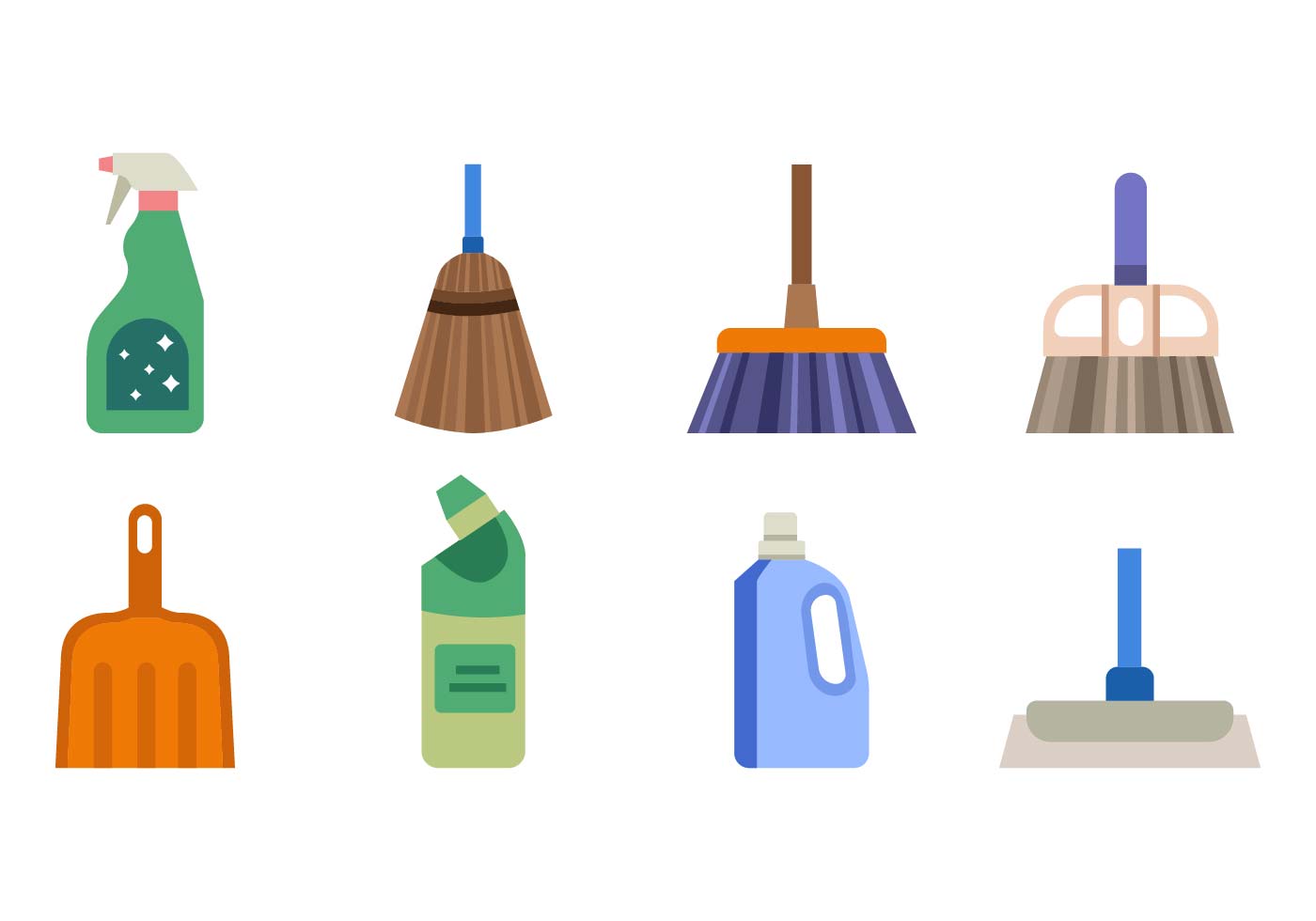 free house cleaning tools vector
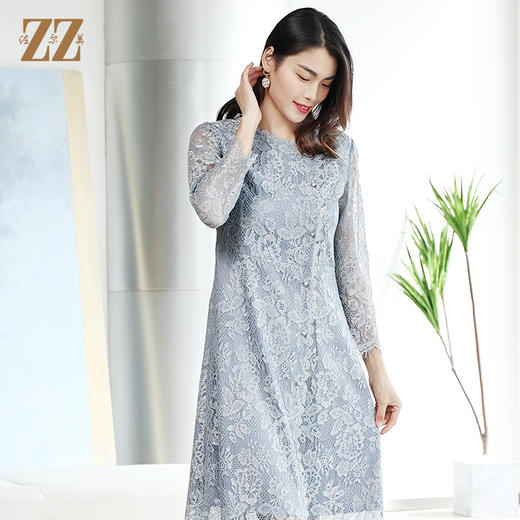 佐尔美春秋中长款气质圆领镂空蕾丝连衣裙修身显瘦E11LL25 商品图3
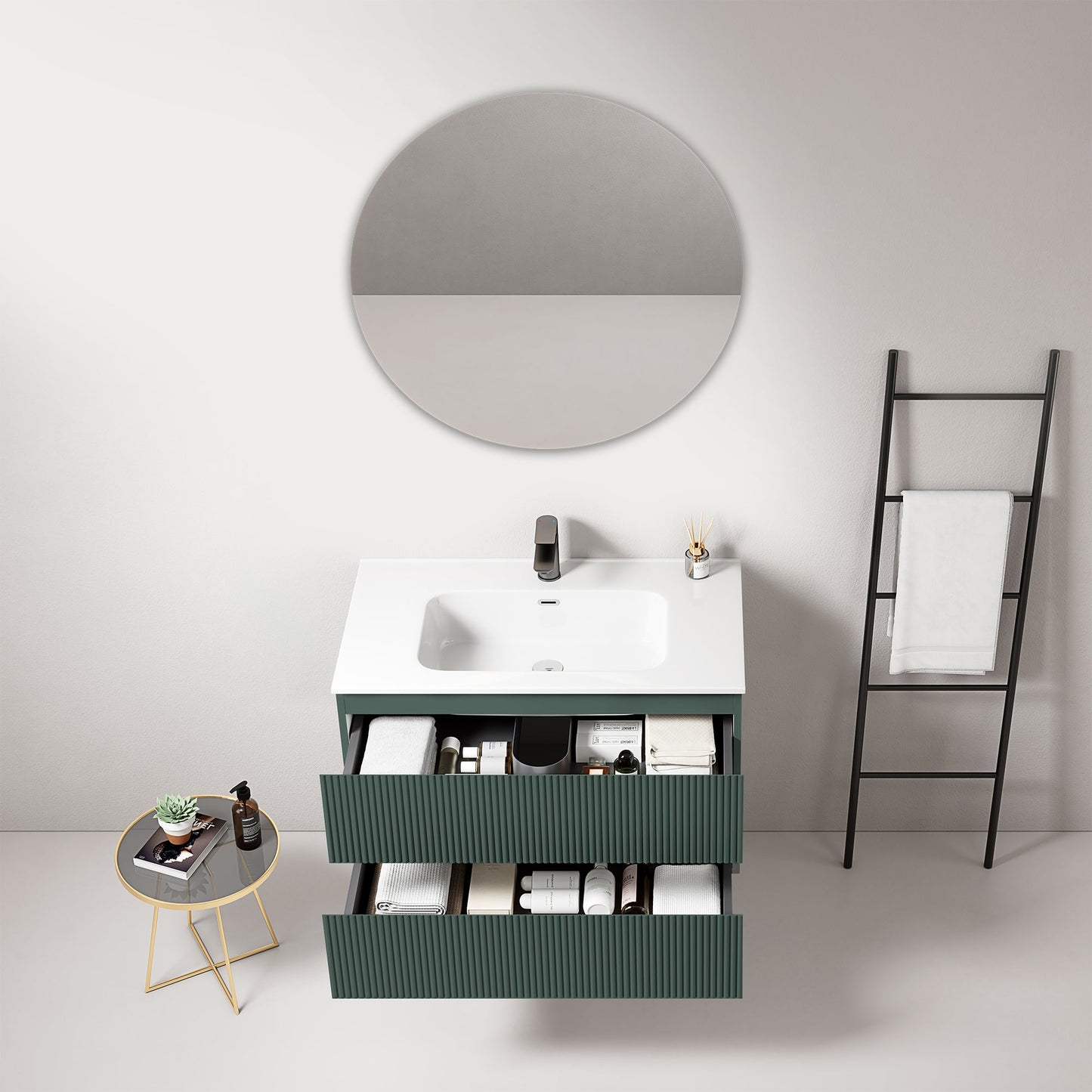 Mobile bagno sospeso cannettato 80 cm Verde Comodoro Lavabo in Ceramica Specchio Tondo - Fiji Paint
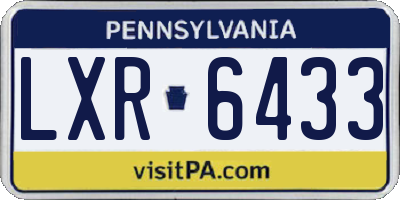 PA license plate LXR6433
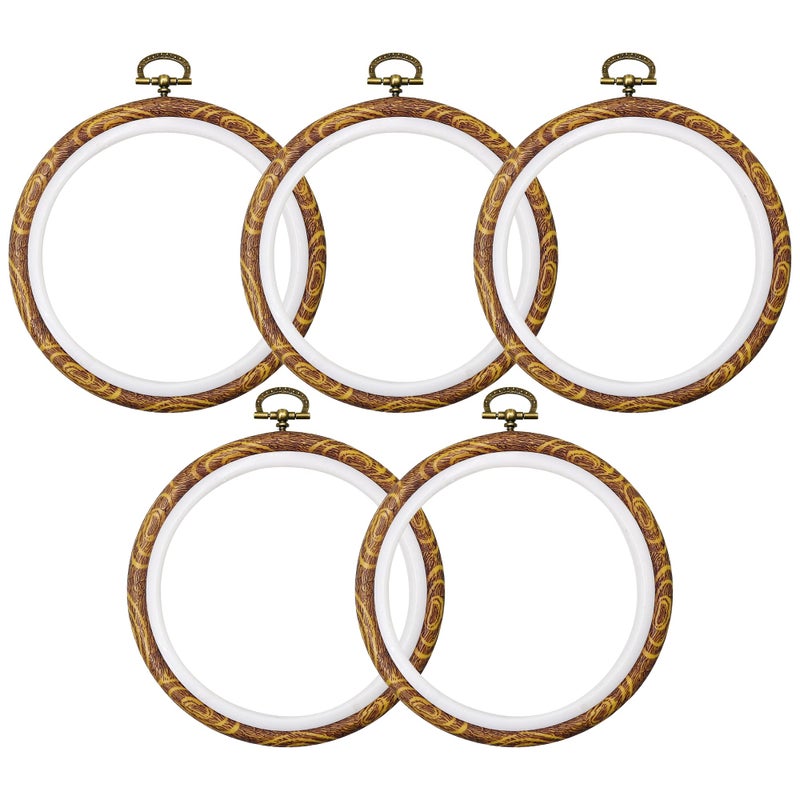 GuoFa Embroidery Hoops 5 Inch 5PCS Round Cross Stitch Hoops Imitated Wood Grain Embroidery Rings for Craft Sewing Needlework - Image 3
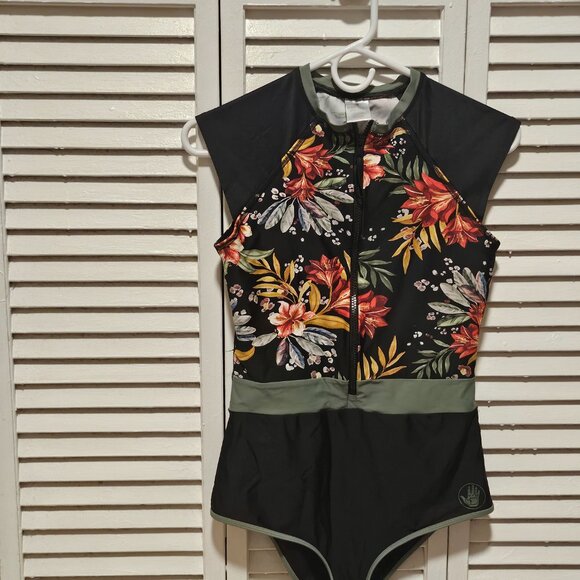 Body Glove Women's Stand Up Zip Front Paddle One Piece Swimsuit UPF 50+ size L - Picture 1 of 5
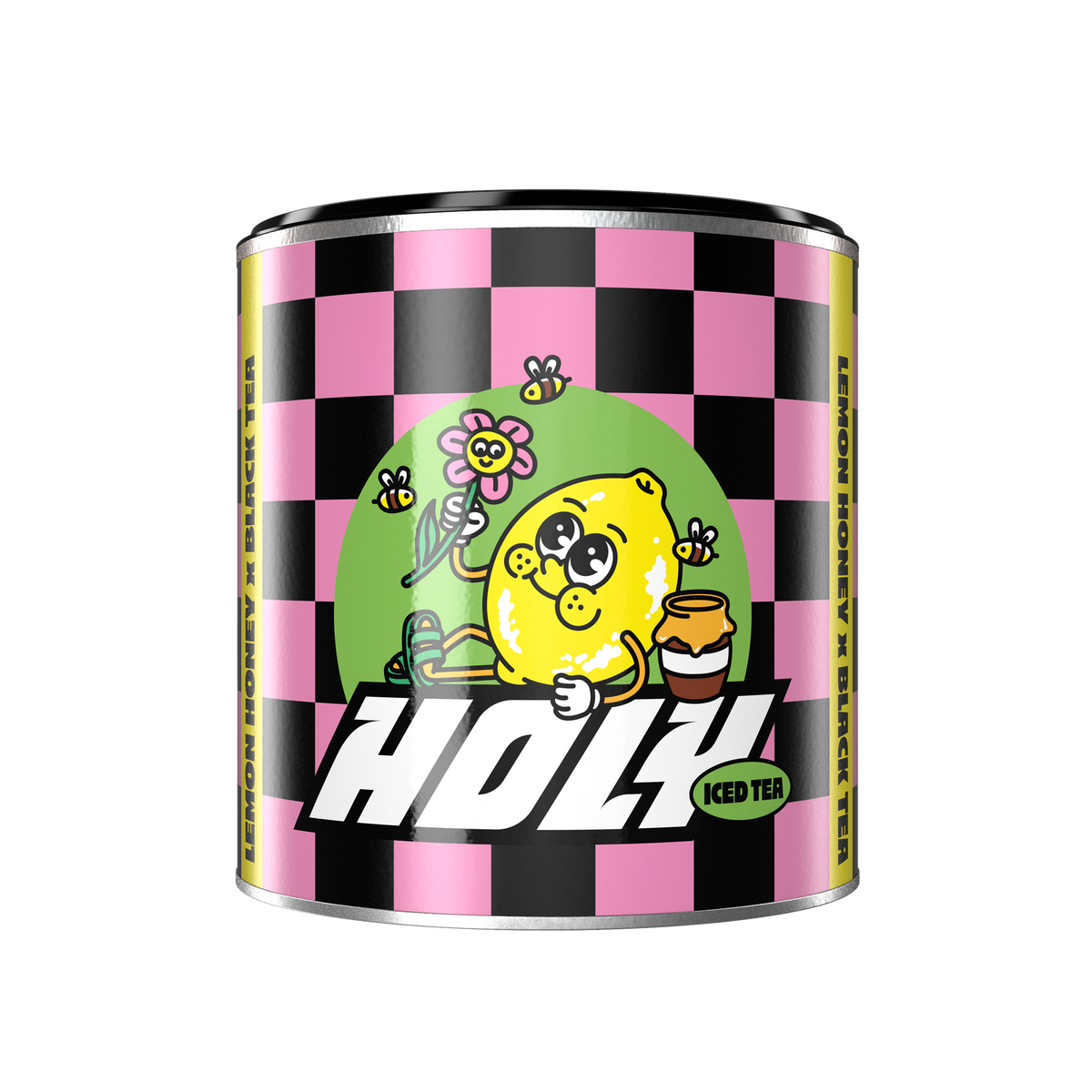 Pappdose mit schwarz-pinkem Schachbrettmuster, einem zitronenförmigen Charakter und der Aufschrift "HOLY Iced Tea".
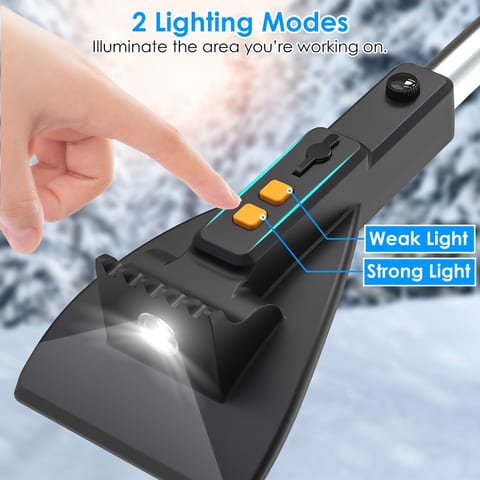 1Pc 3 In 1 Car Snow Removal Shovel With Lights Car Snow Removal Tool Telescopic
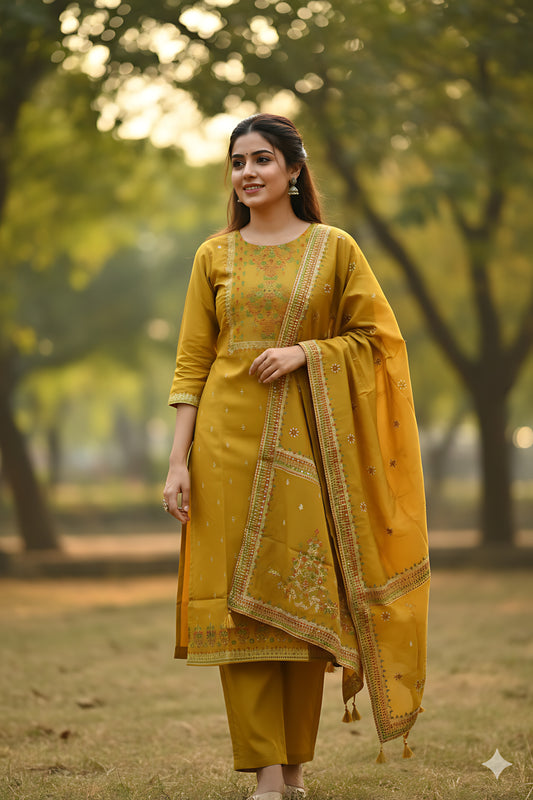 Yellow Foil Printed 3PC Set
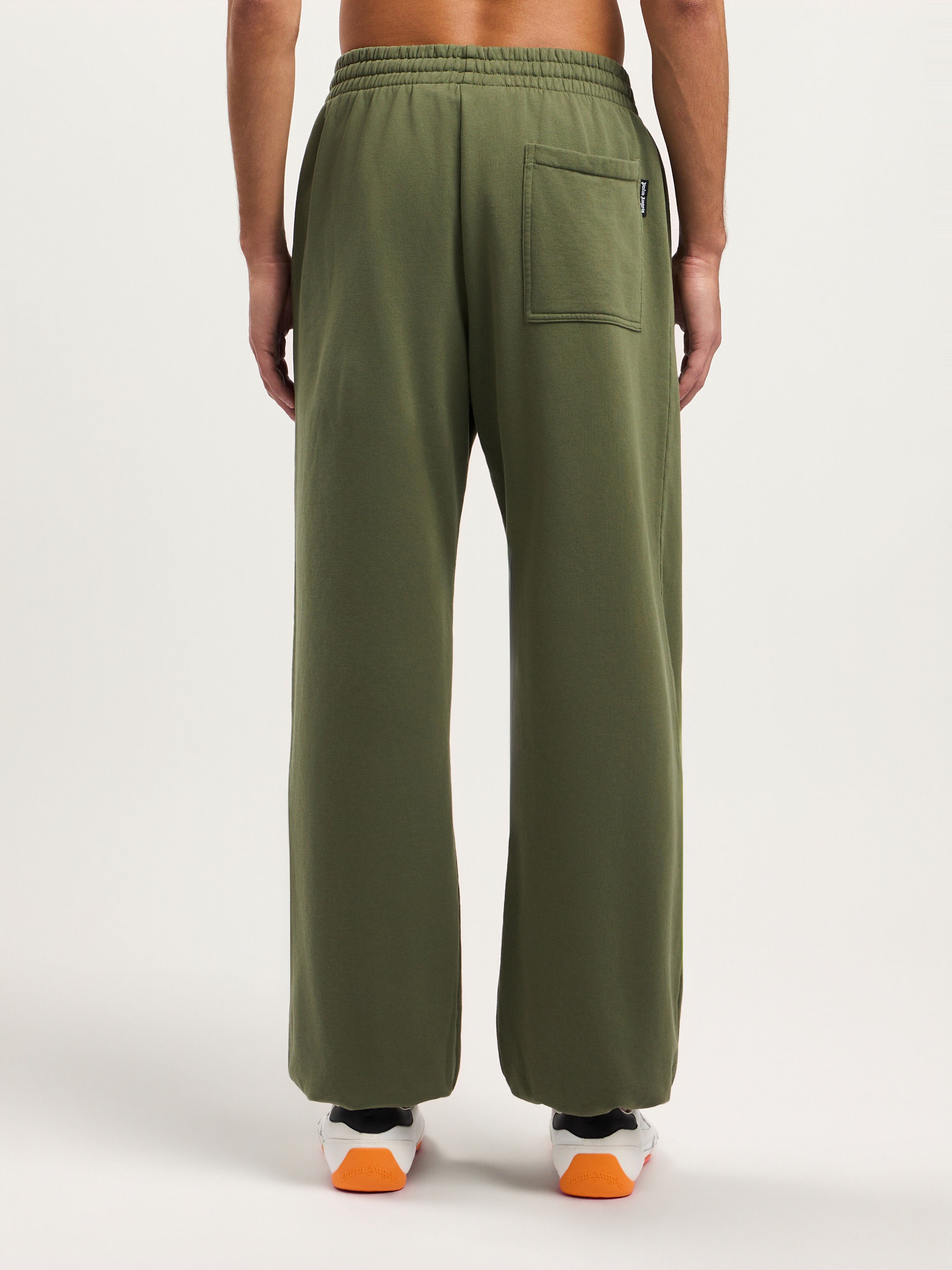 PALM ANGELS Waist Logo Sweatpants MILITARY GREEN LIME PMCH025S26FLE001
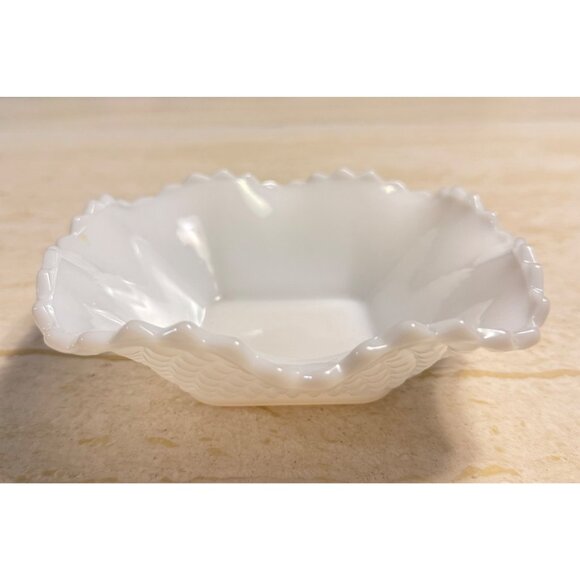 Vintage 6” English Hobnail Diamond Cut Hazel Atlas Square Milk Glass Candy Dish - Picture 2 of 8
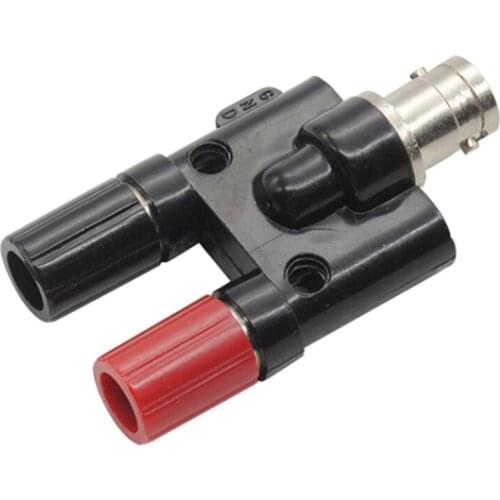 2PCS BNC female connector for two 4MM banana plugs with a center distance of 19MM for oscilloscope testing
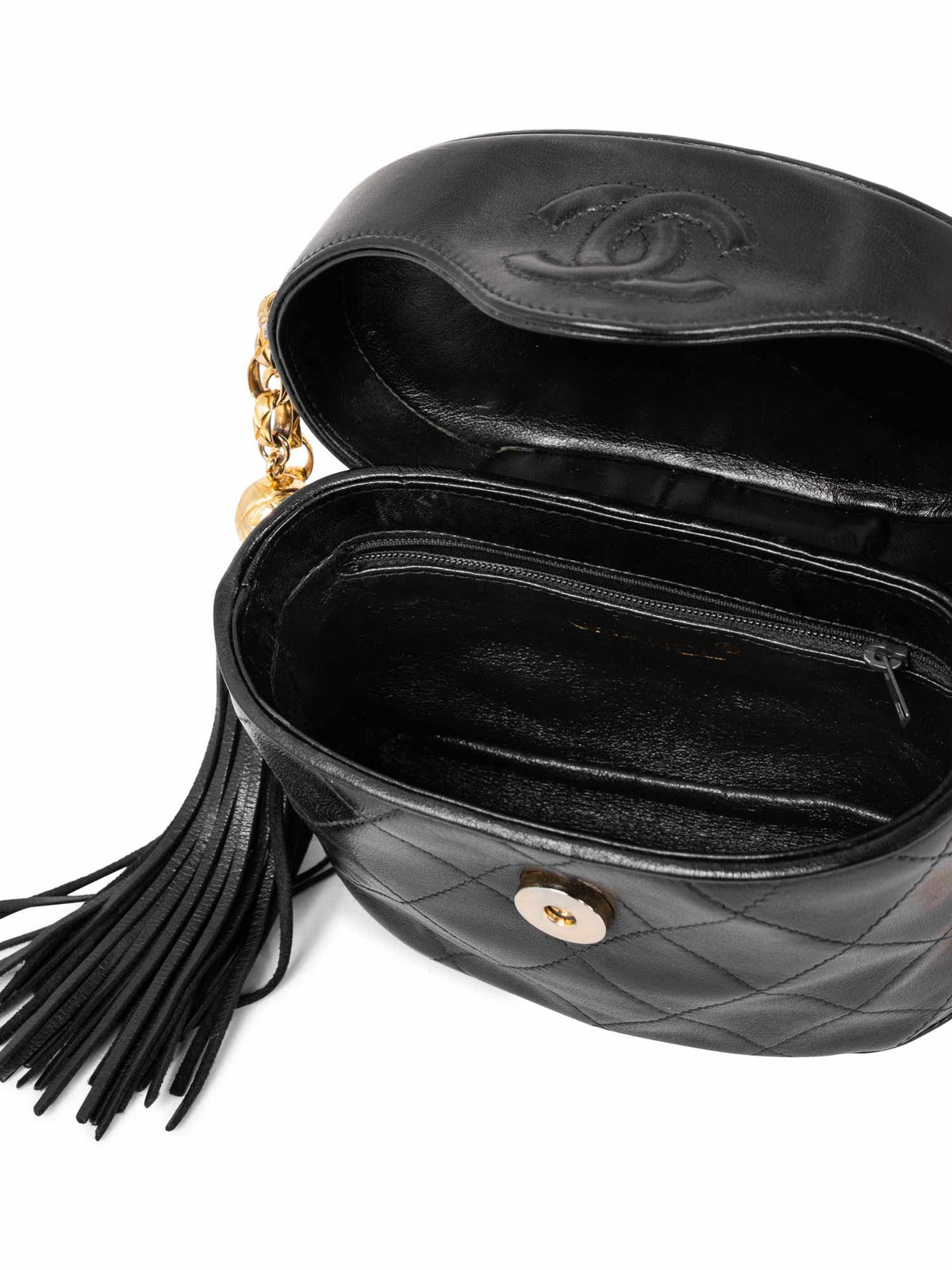 Chanel Quilted Leather CC Logo Tassel Mini Bucket Bag Navy Blue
==============================
**ASSIGNMENT**
The listing is to be repeated word for word, with all pictures omitted.

**FINAL ANSWER**
 free house cleaning tools vector
 佐尔美春秋中长款气质圆领镂空蕾丝连衣裙修身显瘦E11LL25 商品图3
 Mobile bagno sospeso cannettato 80 cm Verde Comodoro Lavabo in Ceramica Specchio Tondo - Fiji Paint
 PA license plate LXR6433
 GuoFa Embroidery Hoops 5 Inch 5PCS Round Cross Stitch Hoops Imitated Wood Grain Embroidery Rings for Craft Sewing Needlework - Image 3
 Body Glove Women's Stand Up Zip Front Paddle One Piece Swimsuit UPF 50+ size L - Picture 1 of 5
 Pappdose mit schwarz-pinkem Schachbrettmuster, einem zitronenförmigen Charakter und der Aufschrift "HOLY Iced Tea".
 1Pc 3 In 1 Car Snow Removal Shovel With Lights Car Snow Removal Tool Telescopic
 Yellow Foil Printed 3PC Set
 PALM ANGELS Waist Logo Sweatpants MILITARY GREEN LIME PMCH025S26FLE001
 Vintage 6” English Hobnail Diamond Cut Hazel Atlas Square Milk Glass Candy Dish - Picture 2 of 8
 2PCS BNC female connector for two 4MM banana plugs with a center distance of 19MM for oscilloscope testing
 Chanel Quilted Leather CC Logo Tassel Mini Bucket Bag Navy Blue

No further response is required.